What you are asked to do:
When you reach the line below that has "Certified 2025 Porsche Cayenne GTS image 14", start returning lines exactly, and stop after the line that has "Kletterbegeisterte und die, die"; skip the pictures.

The input:
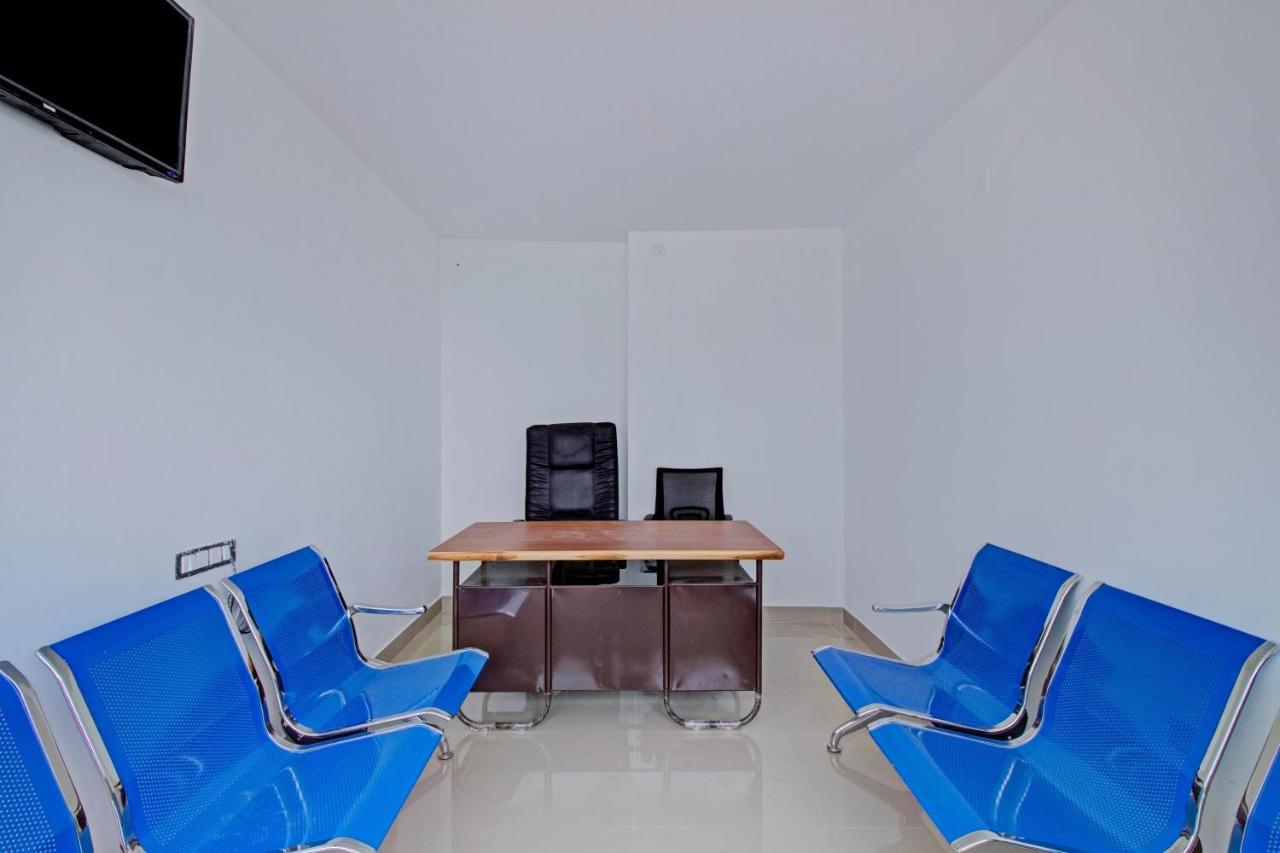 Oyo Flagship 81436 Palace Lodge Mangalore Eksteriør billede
---
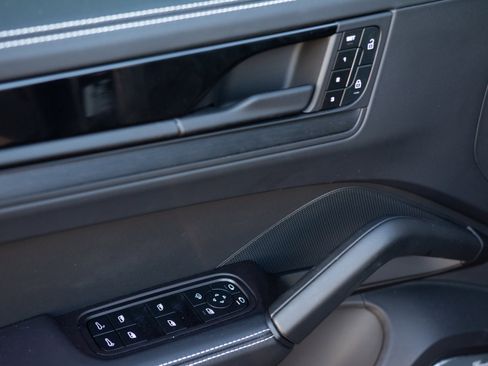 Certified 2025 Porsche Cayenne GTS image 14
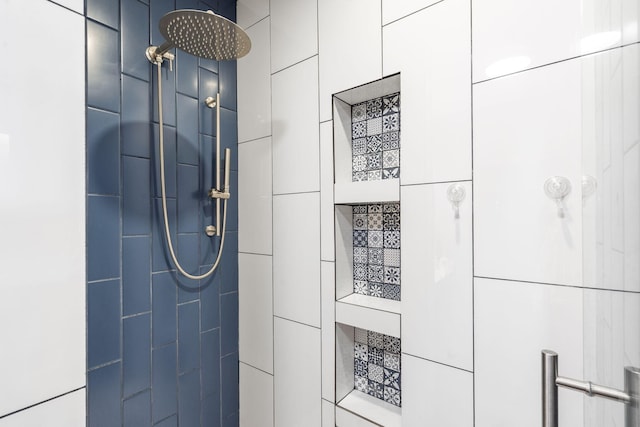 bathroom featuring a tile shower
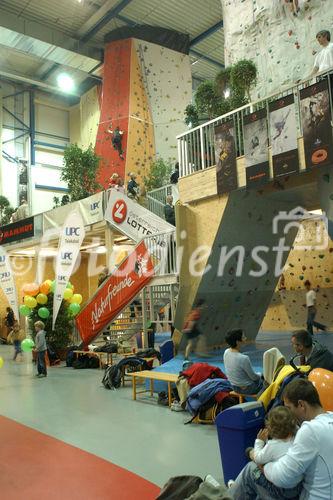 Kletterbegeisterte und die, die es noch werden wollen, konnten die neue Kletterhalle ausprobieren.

Problem solution:
 Certified 2025 Porsche Cayenne GTS image 14
 bathroom featuring a tile shower
 Kletterbegeisterte und die, die es noch werden wollen, konnten die neue Kletterhalle ausprobieren.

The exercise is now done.